Мемуары ярко демонстрируют как богатство изобразительных средств и виртуозность Борового-литератора, так и широту его личности и единство его различных «ипостасей». Они глубоко диалогичны и полифоничны по сути (множество проблем, участников, героев, позиций – сталкивающихся, переплетающихся, точно музыкальные темы в симфонии) и по используемым жанрам. В жанровом отношении книга включает в себя и элементы художественного произведения (анекдоты, бытовые зарисовки, вставные новеллы и стихотворения), и философские трактаты (рассуждения о различных учениях, проблемах), и поэтические фрагменты (лирические отступления), и исповедальные признания, и публицистические памфлеты (гротескно-саркастические пассажи), и научные вкрапления (обзоры, цитаты, минирецензии), и вдохновенные пейзажные зарисовки.
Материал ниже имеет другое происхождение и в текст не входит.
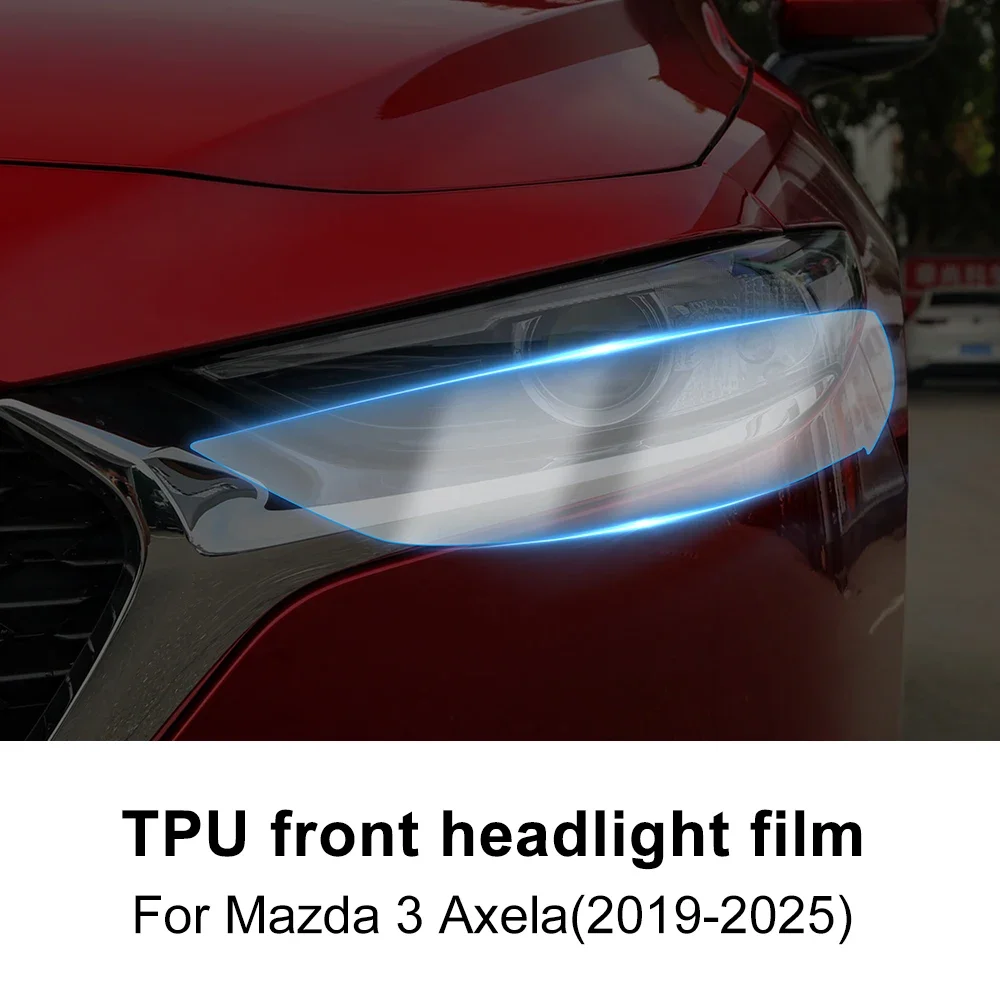 

Защитная пленка для автомобильных фар из ТПУ для Mazda 3 Axela BP 2019 2020 2021 2022 2023 2024 2025 Прозрачная против царапин дымчато-черная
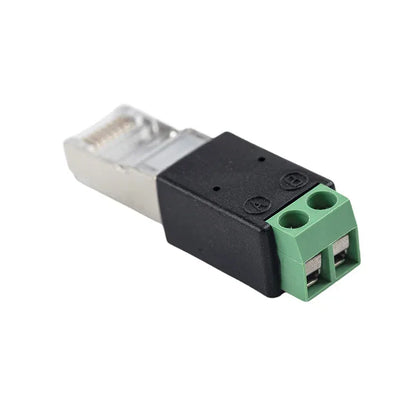 RJ45 to RS485 Converter RJ45 Terminal Adapter RJ45 to RS485 Adapter Crystal Head to Terminal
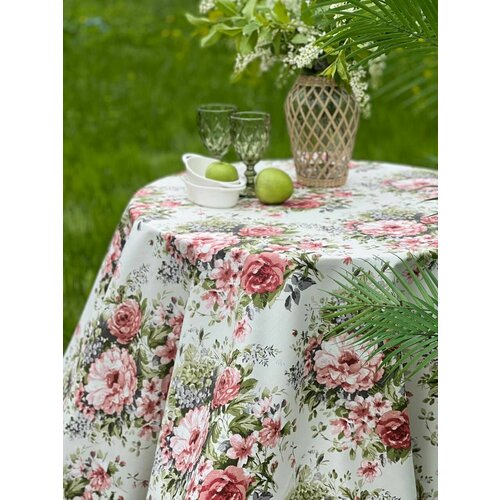 Скатерть Dreamtex Home Decor Летний букет140х180 см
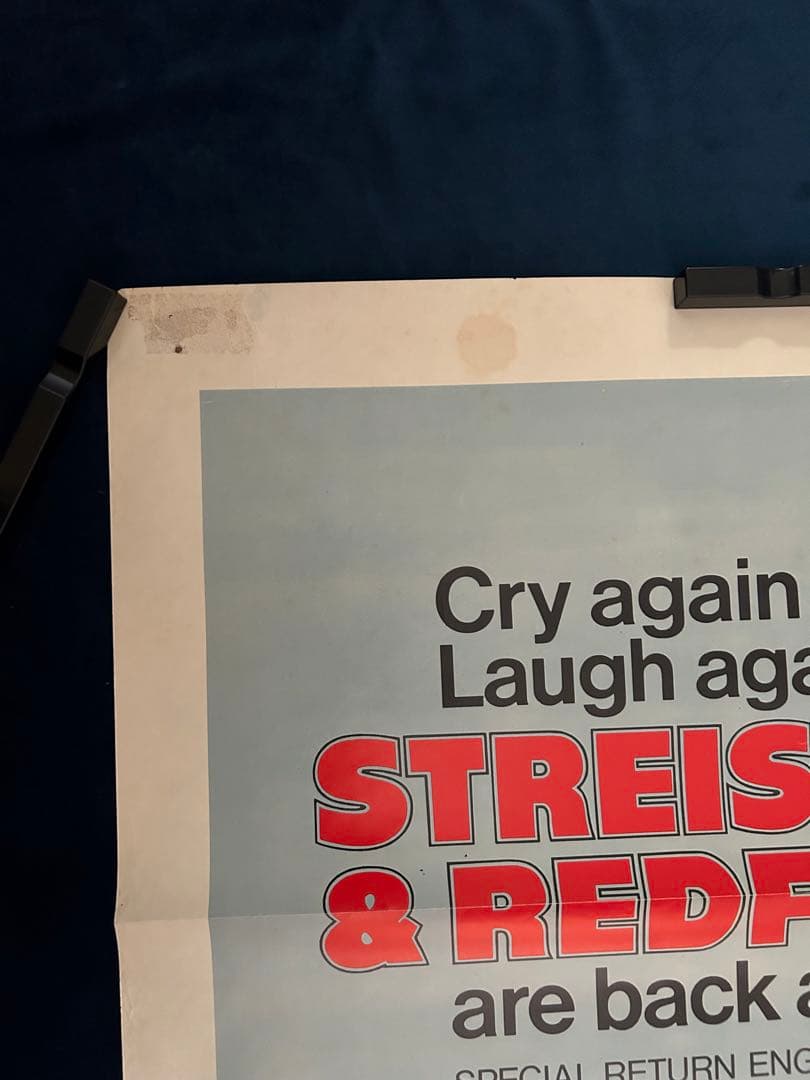 追憶 USオリジナル映画ポスター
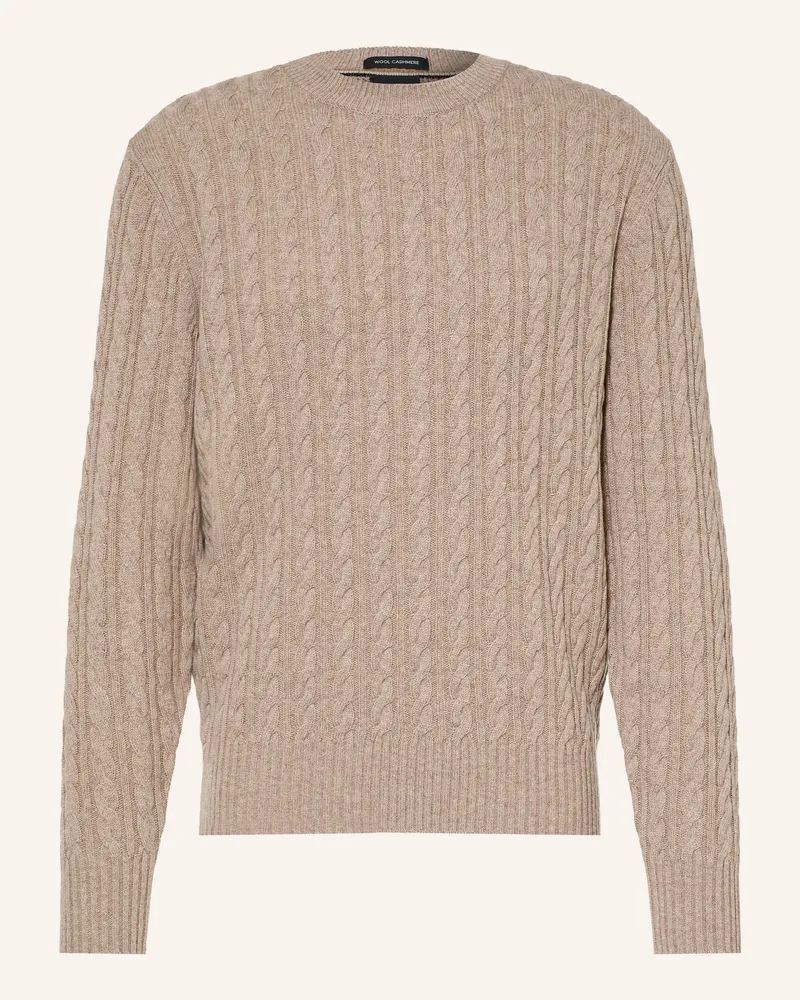 HUGO BOSS Pullover Furlan braun Beige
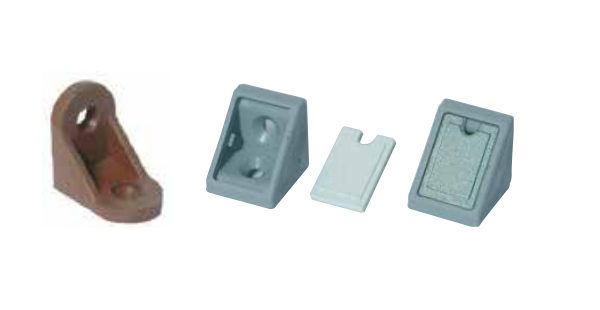 Plastic Single Corner Connector with Cap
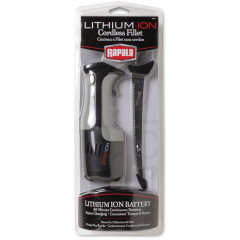 Електричний філейний ніж Rapala Lithium Ion Cordless Fillet 18 см чорний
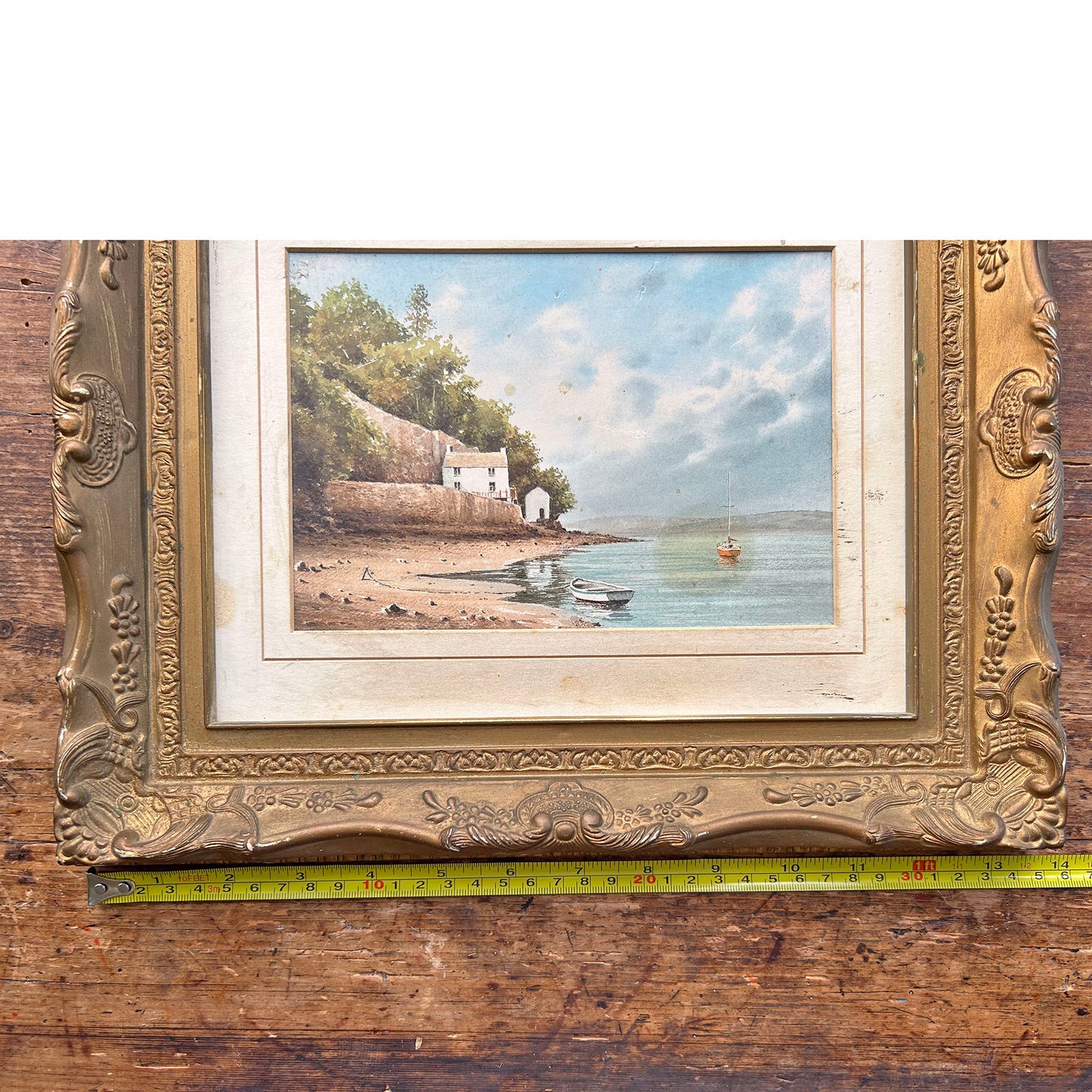 Framed Print - Dylan Thomas’ Boathouse - Laugharne (Preloved)
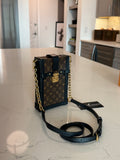 Louis Vuitton Monogram Trunk Pouchette Verticale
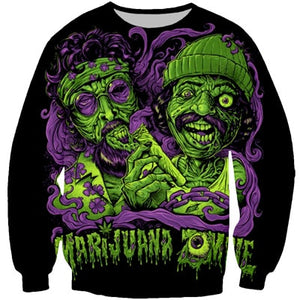 Cheech Chong Bing Bong Weed Zombies Exclusive Sweatshirt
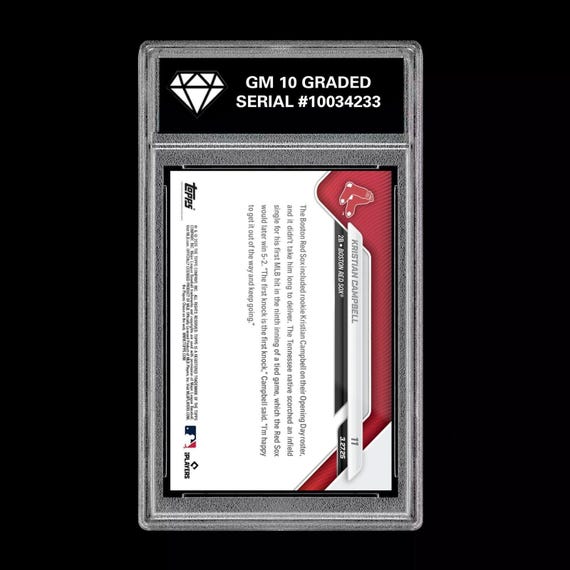 2025 Topps NOW Digital Card - Kristian Campbell RC Red Sox
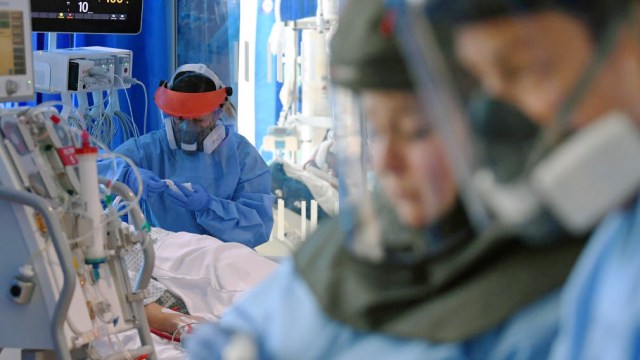 Inside the Covid ward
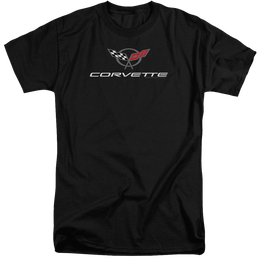 Chevrolet Corvette Modern Emblem - Men's Tall Fit T-Shirt Men's Tall Fit T-Shirt Chevrolet   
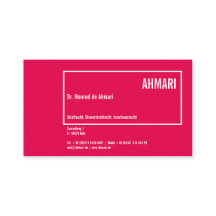 Cartão de visita de linha clara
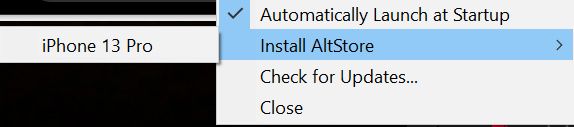 install altstore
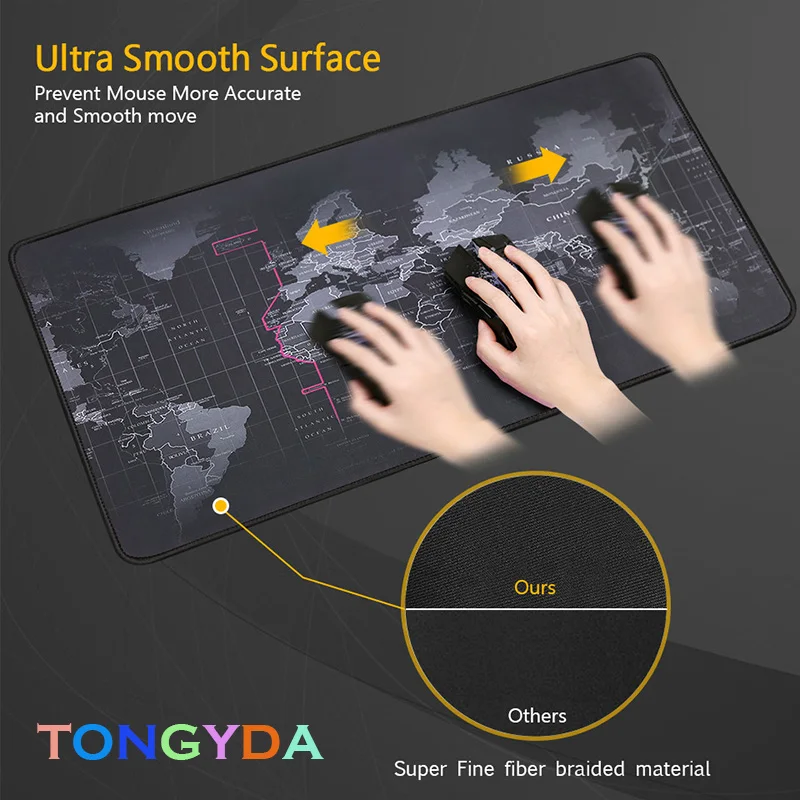 Extra Large Gaming Mouse Pad Gamer Old World Map Computer Mousepad Anti-slip Natural Rubber Mat xl xxl 300x800mm | Компьютеры и офис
По многоголосице и характерному для романтиков стремлению к синтезу искусств и жанров, «Моя жизнь» напоминает герценовские воспоминания и роман «Русские ночи» В.Ф.Одоевского. Как иначе Боровой мог отразить всеобъемлющее, выходящее из любых берегов, таинство Жизни и проникнуть в загадку человеческой личности?

Для Алексея Борового чувство первично по отношению к мысли, образ и символ первичны по отношению к понятию, личность первична по отношению к обществу. «В одном мгновеньи – видеть вечность. Огромный мир – в зерне песка», - призывал Уильям Блэйк. «Общее» присутствует через частное и личное, обобщение дается через образ и пример. В каждом фрагменте книги содержится все: и анализ, и обобщение, и описание, и образ, и сам автор – подобно тому, как в магическом камне Алефе, описанном Борхесом, отражалась вся Вселенная.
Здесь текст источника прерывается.